Schéma d'ensemble d'un réseau de diodes moléculaires sur silicium

L'évolution prévisible de la microélectronique dans les 10 ans à venir incite les chercheurs et les industriels à explorer des voies alternatives à l'utilisation classique du silicium. L'une de ces voies vise à utiliser comme élément actif des nouveaux dispositifs, soit une molécule unique, soit un ensemble de molécules organisées. Cette électronique moléculaire tire parti des dimensions intrinsèquement nanométriques des molécules, de leur grande diversité, de leurs propriétés quantiques et de leur capacité à s'auto-assembler.
Nous cherchons à réaliser des diodes moléculaires à effet tunnel résonant compatibles avec une intégration au sein de circuits. L’une des électrodes est donc du silicium, débarrassé de son oxyde afin que l’injection de charges soit la plus efficace possible. L’autre électrode sera un nanotube de carbone, en contact avec l’extrémité de la monocouche organique qui constitue la partie « active » du dispositif. La géométrie d’ensemble sera réalisée en utilisant la lithographie optique et électronique (Figure 1).
La monocouche organique est du type sigma-pi-sigma, afin que le transfert de charge du silicium vers le nanotube de carbone soit non linéaire en fonction de la tension appliquée. Ce comportement (effet tunnel résonnant) a déjà été mis en évidence avec des électrodes métalliques, ou sur du silicium sous ultra vide.

 

Suivi par spectroscopies infrarouge et XPS du greffage d'acides aliphatiques sur Si-H

L’accrochage covalent sur silicium désoxygéné est réalisé par greffage thermique sur une surface de silicium hydrogéné (Si-H). La spectroscopie infrarouge et l’XPS permettent de caractériser la monocouche, et notamment l’éventuelle réoxydation du substrat.
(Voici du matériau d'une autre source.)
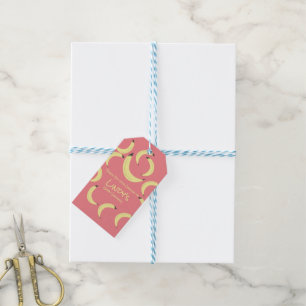 Süße Bananen-Bündel-Muster-Geschenk-Tags für Baby Geschenkanhänger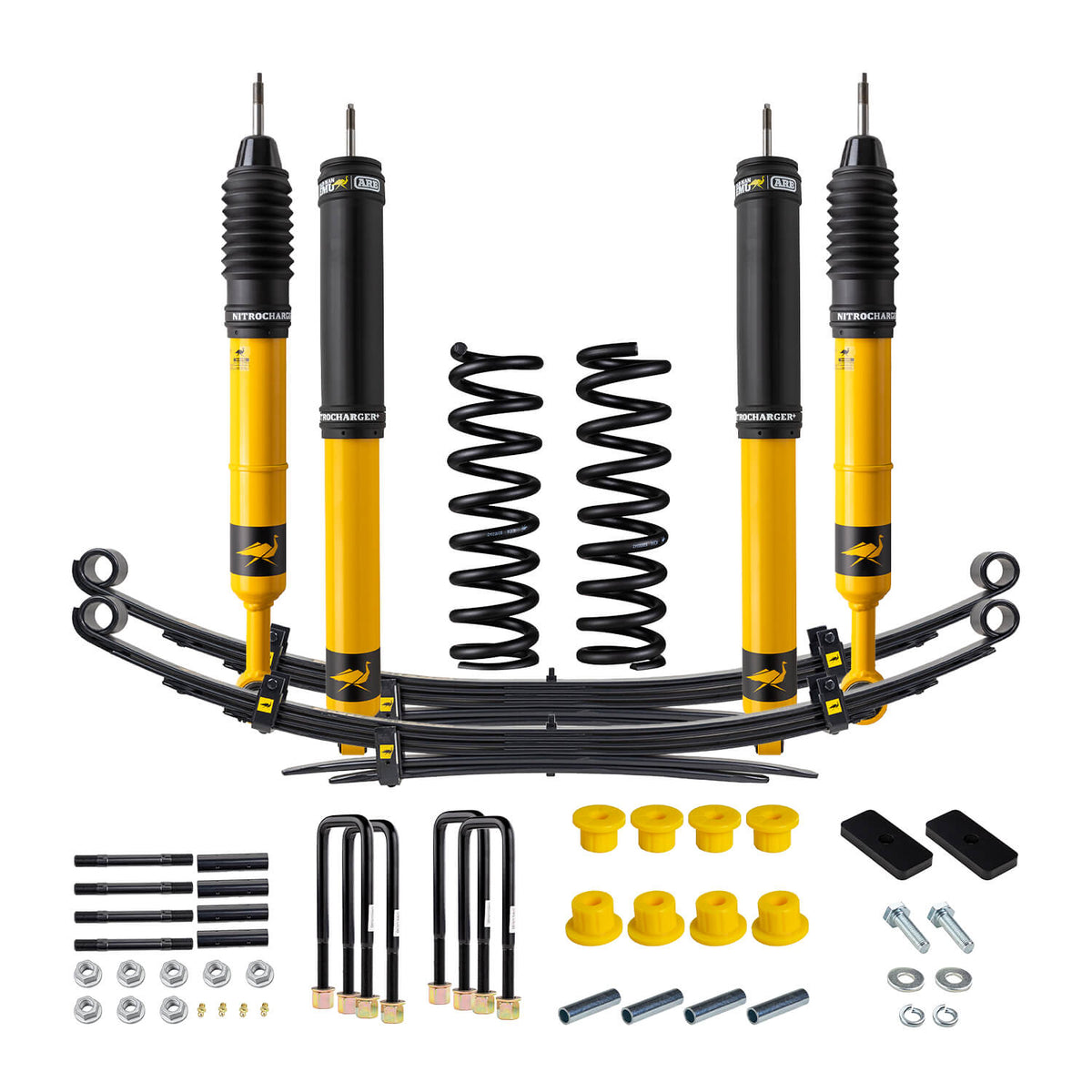 ARB / OME 16-23 Toyota Tacoma Nitro Plus Kit - FR 2in/220-330lb - RR 2in/0lb - 1011K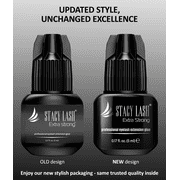 Stacy Lash Extra Strong Adhesive (0.17 fl.oz / 5 ml) / Black Cyanoacrylate Eyelash Extension Glue / Strong and Fast Drying Formula / Professional Use Only
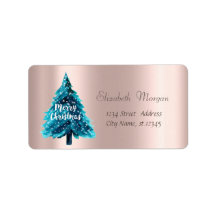 Kerstmis, Blauwe kerstboom, Roos Gold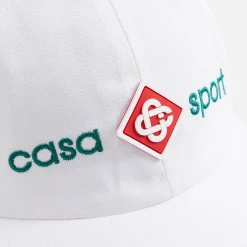Sale Casablanca Casa Sport Logo Embroidered Cap White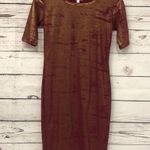 LuLaRoe ‎ rust copper gold dusted Julia dress Photo 1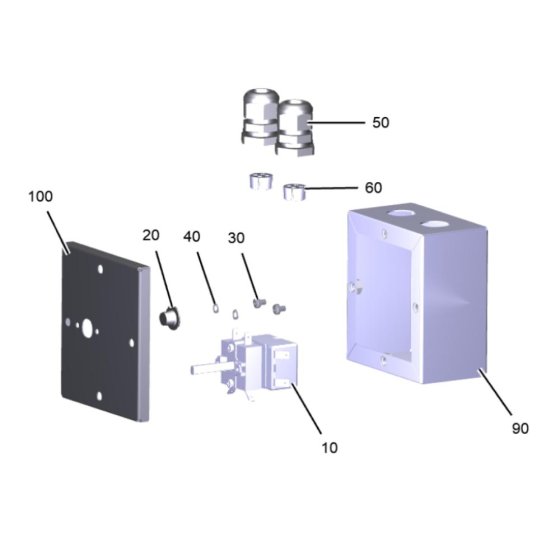 Electrical Box Assembly -1 for Karcher HDS 8-20 G Pressure Washer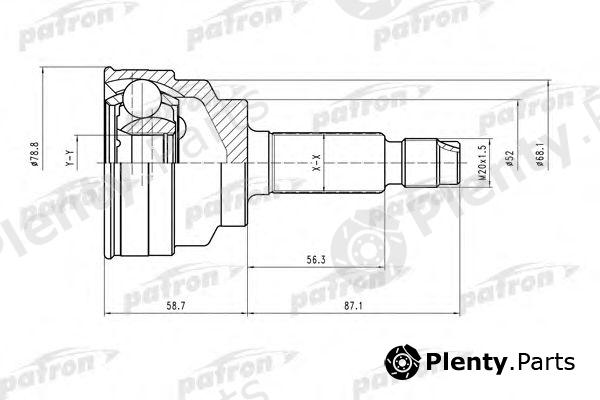  PATRON part PCV1518 Joint Kit, drive shaft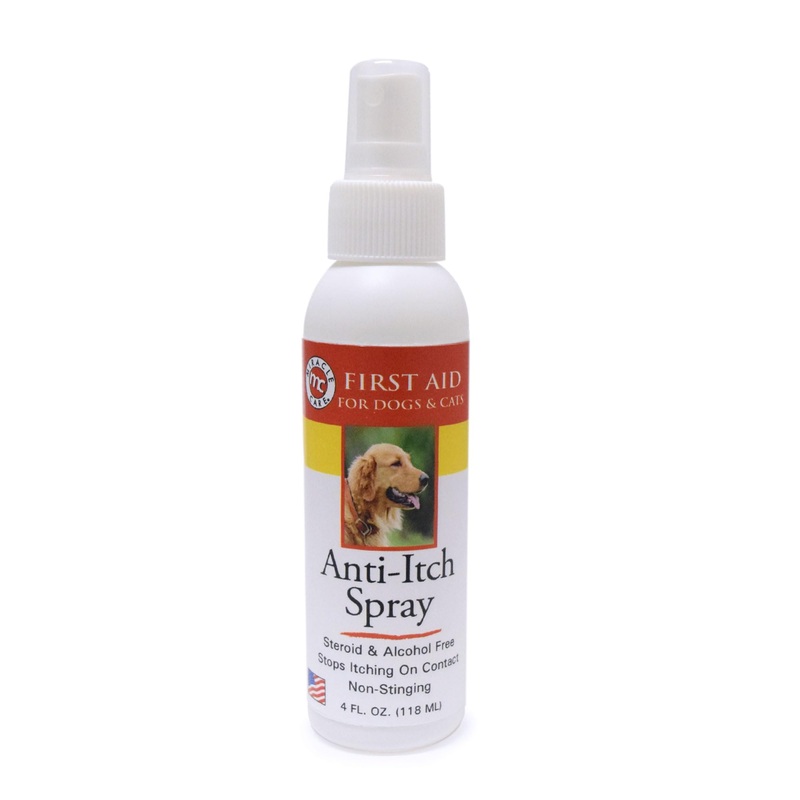 Miracle Care By MiracleCorp 4-Ounce Anti-Itch Spray for Dogs and Cats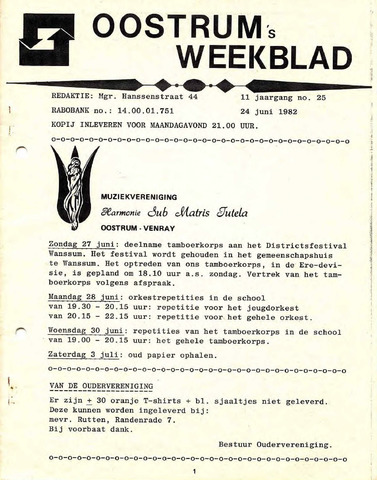 Oostrum's Weekblad 1982-06-24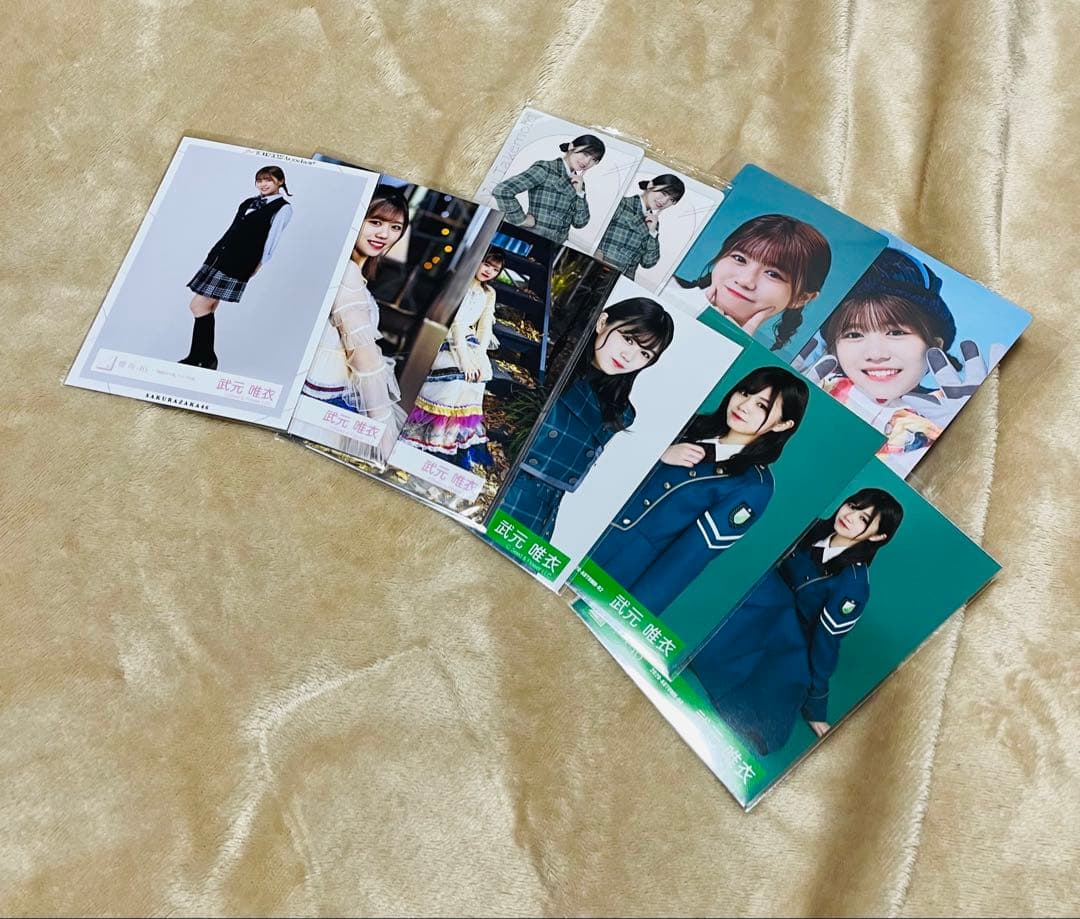 櫻坂46 武元唯衣 サクコレB2ポスター 8月 サクコレカード生写真他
Nous avons ainsi montré que cette réoxydation est fonction de l’épaisseur de la monocouche greffée et des groupements chimiques portés par la molécule, en comparant les spectres XPS obtenus après greffage thermique des acides undécénoïque et hexénoïque, avec ou sans protection du groupement acide par un ester activé. (Figure 2)

 

Monocouche complète sur Silicium et analyse infrarouge et XPS. La réoxydation correspond à l'équivalent de 80% d'une monocouche d'oxygène sur Si

  

La monocouche de type Σ-Π-Σ est réalisée en deux étapes : greffage covalent d’une monocouche terminée acide, puis couplage en conditions douces de la partie pi-sigma terminale. Là encore, la réoxydation du substrat est suivie de près et s’avère difficile à empêcher. (Figure 3)

 

Image AFM d'un nanotube de carbone dans la tranchée, et profil de la double tranchée

Le dispositif de mesure est réalisé par lithographie à partir d’une structure en double tranchée dans un oxyde épais. L’utilisation de jonctions verticales croisées silicium / molécule / nanotubes de carbone permet d’envisager à terme la fabrication d’un réseau de diodes à effet tunnel résonant. La confection de ces doubles tranchées demande d’aligner deux étapes de lithographie électronique. La première permet de définir la première tranchée. Celle-ci est gravée par une solution d’acide fluorhydrique tamponnée (BHF). La seconde lithographie définie la tranchée centrale qui est gravée par gravure ionique réactive. Ces deux étapes de gravure doivent être calibrées pour pouvoir atteindre le silicium sous-jacent et conserver une épaisseur suffisante d’oxyde au fond de la première tranchée. Une fois les nanotubes déposés, il est nécessaire de les repérer précisément et une dernière étape de lithographie électronique permet de fabriquer les électrodes les raccordant aux électrodes macroscopiques. La figure 4 montre le profil de double tranchée et un nanotube monoparoi traversant la tranche centrale et connecté à deux électrodes de mesure.